Brief descriptive captions
----------------------------------------

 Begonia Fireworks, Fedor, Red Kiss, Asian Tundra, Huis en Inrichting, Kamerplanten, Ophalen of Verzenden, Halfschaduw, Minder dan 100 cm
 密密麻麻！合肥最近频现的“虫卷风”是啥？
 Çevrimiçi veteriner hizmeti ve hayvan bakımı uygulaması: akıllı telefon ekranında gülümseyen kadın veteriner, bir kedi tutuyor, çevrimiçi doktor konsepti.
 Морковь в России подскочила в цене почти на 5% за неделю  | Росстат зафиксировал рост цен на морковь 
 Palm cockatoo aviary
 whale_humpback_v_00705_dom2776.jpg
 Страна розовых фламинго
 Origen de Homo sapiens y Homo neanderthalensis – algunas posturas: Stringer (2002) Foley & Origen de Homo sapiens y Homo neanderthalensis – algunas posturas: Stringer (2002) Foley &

----------------------------------------

▸ **Required action**:
The response should consist of every record, written out exactly as given.

▸ **Solved exercise**:
 Begonia Fireworks, Fedor, Red Kiss, Asian Tundra, Huis en Inrichting, Kamerplanten, Ophalen of Verzenden, Halfschaduw, Minder dan 100 cm
 密密麻麻！合肥最近频现的“虫卷风”是啥？
 Çevrimiçi veteriner hizmeti ve hayvan bakımı uygulaması: akıllı telefon ekranında gülümseyen kadın veteriner, bir kedi tutuyor, çevrimiçi doktor konsepti.
 Морковь в России подскочила в цене почти на 5% за неделю  | Росстат зафиксировал рост цен на морковь 
 Palm cockatoo aviary
 whale_humpback_v_00705_dom2776.jpg
 Страна розовых фламинго
 Origen de Homo sapiens y Homo neanderthalensis – algunas posturas: Stringer (2002) Foley & Origen de Homo sapiens y Homo neanderthalensis – algunas posturas: Stringer (2002) Foley &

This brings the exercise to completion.